> [DIRECTIONS FOR THIS TASK] From the listing below, reproduce word for word the part that opens with the line containing "Ipswich Witches team" and closes with the line containing "Basketball basket with"; reproduce nothing else.
+++ LISTED ENTRIES +++
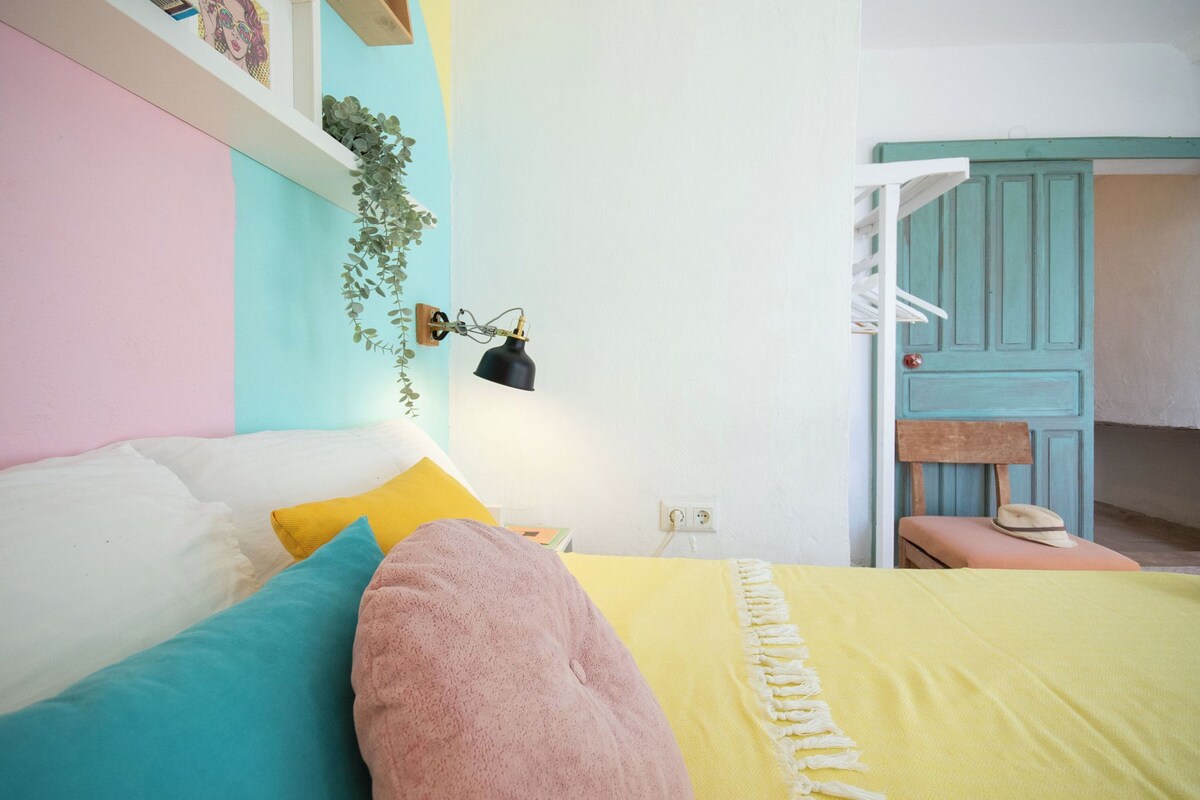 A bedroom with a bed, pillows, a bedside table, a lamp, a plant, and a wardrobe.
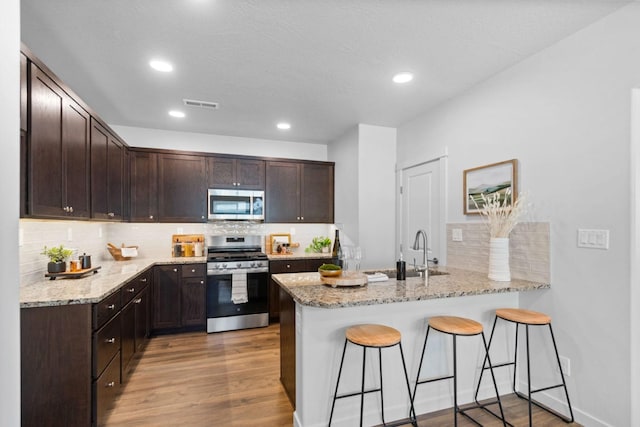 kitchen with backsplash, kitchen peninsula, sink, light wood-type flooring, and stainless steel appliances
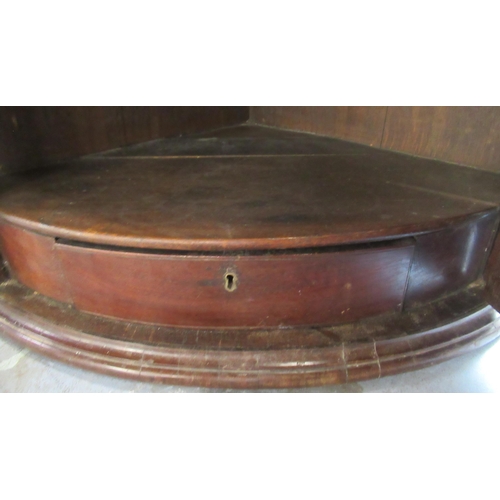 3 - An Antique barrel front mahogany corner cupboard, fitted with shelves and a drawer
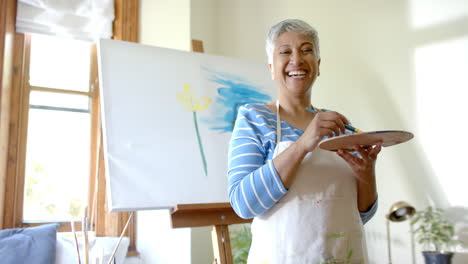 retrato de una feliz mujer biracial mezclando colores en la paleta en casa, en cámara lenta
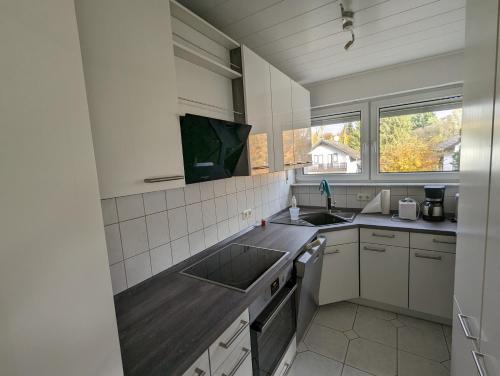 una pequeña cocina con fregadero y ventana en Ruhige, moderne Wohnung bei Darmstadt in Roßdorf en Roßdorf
+++
+++ LISTED ENTRIES +++
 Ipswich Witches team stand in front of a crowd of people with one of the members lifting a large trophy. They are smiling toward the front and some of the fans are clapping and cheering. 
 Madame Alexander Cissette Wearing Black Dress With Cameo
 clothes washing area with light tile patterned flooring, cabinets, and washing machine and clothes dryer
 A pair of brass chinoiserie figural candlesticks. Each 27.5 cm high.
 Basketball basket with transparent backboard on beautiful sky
+++
+++ LISTED ENTRIES +++
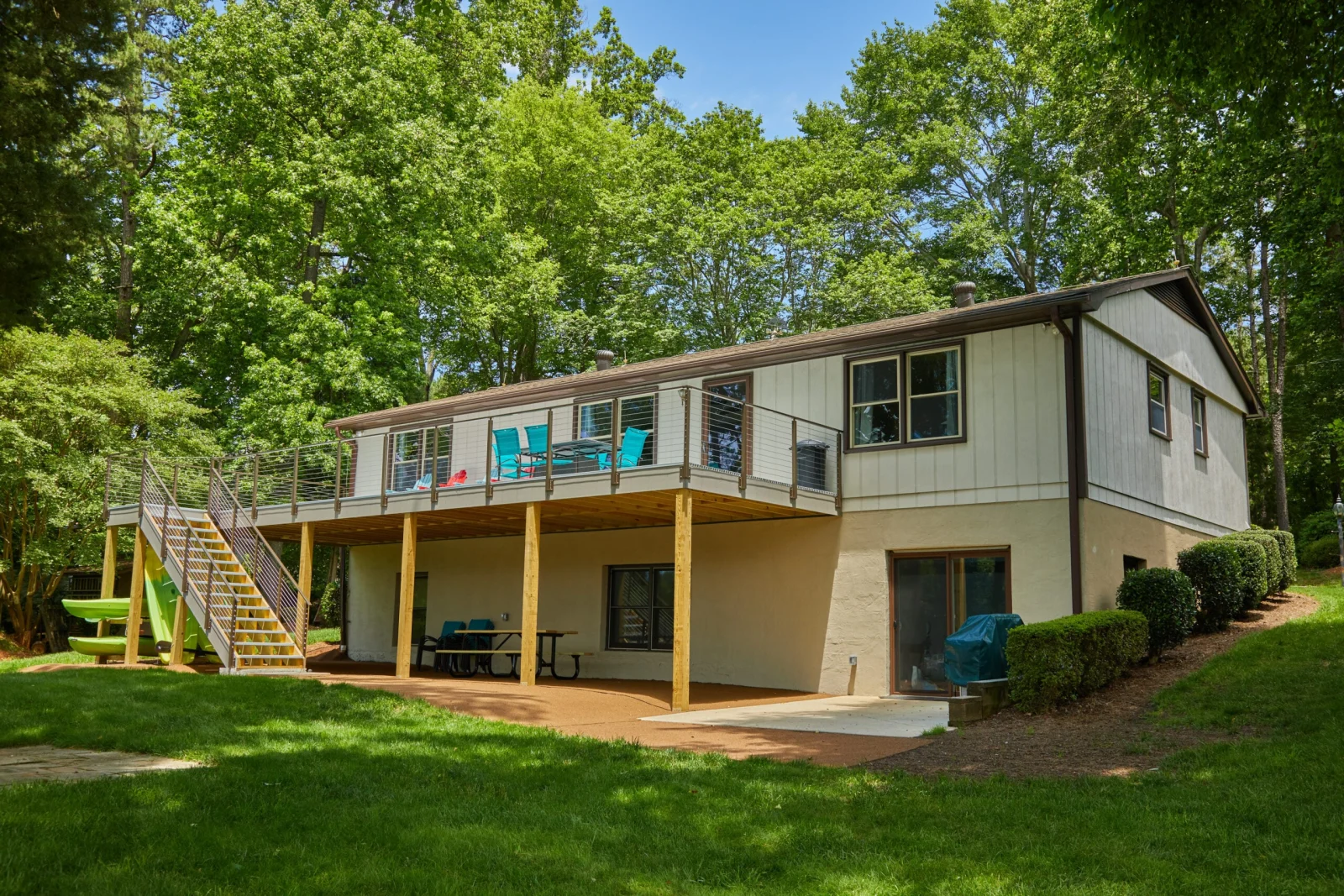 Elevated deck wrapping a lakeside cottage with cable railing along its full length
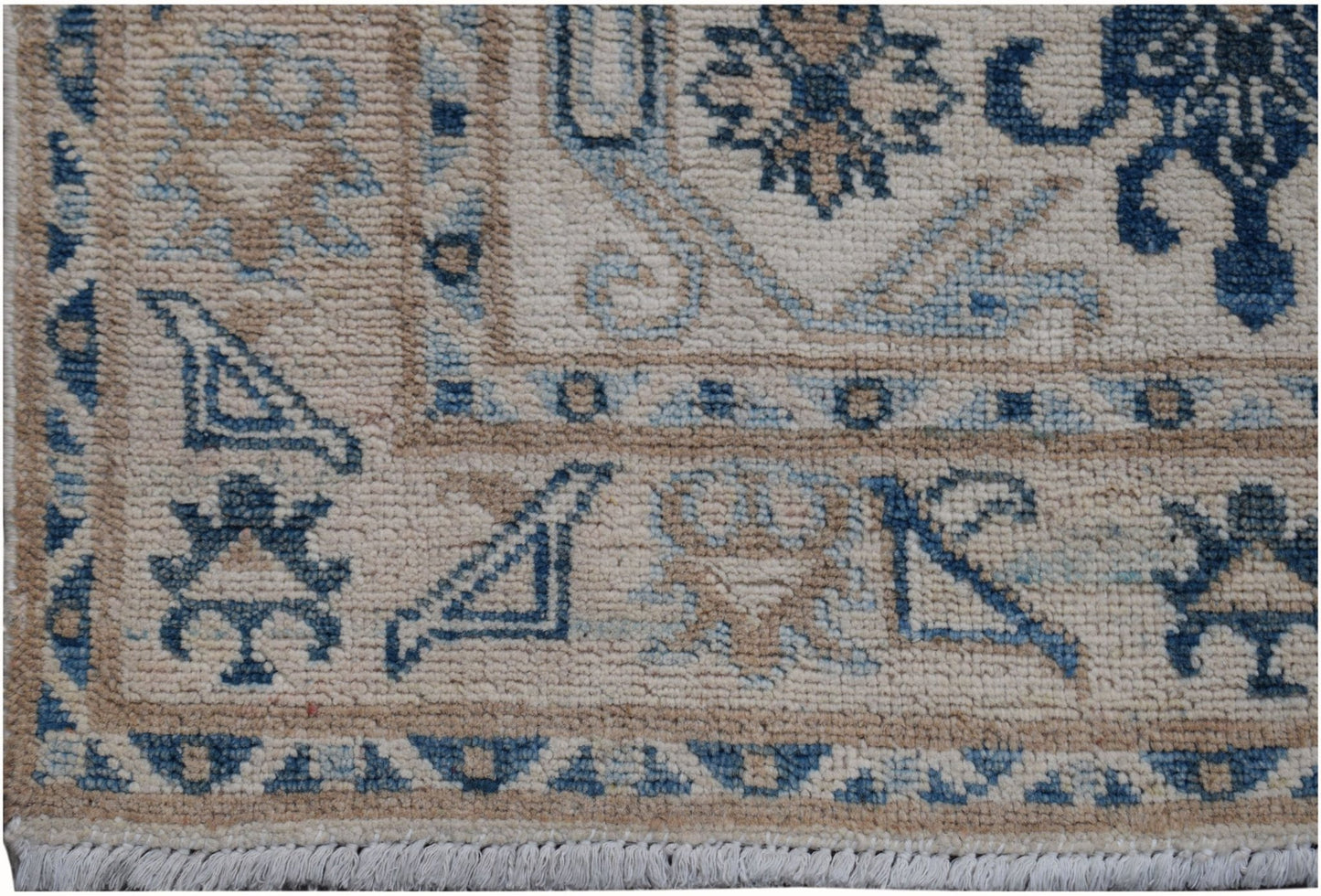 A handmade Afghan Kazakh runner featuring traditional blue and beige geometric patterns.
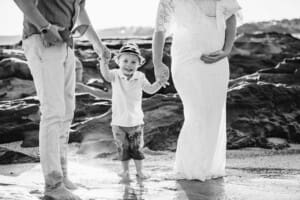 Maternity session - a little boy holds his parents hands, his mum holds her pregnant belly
+++
> [ANSWER SECTION]
 Ipswich Witches team stand in front of a crowd of people with one of the members lifting a large trophy. They are smiling toward the front and some of the fans are clapping and cheering. 
 Madame Alexander Cissette Wearing Black Dress With Cameo
 clothes washing area with light tile patterned flooring, cabinets, and washing machine and clothes dryer
 A pair of brass chinoiserie figural candlesticks. Each 27.5 cm high.
 Basketball basket with transparent backboard on beautiful sky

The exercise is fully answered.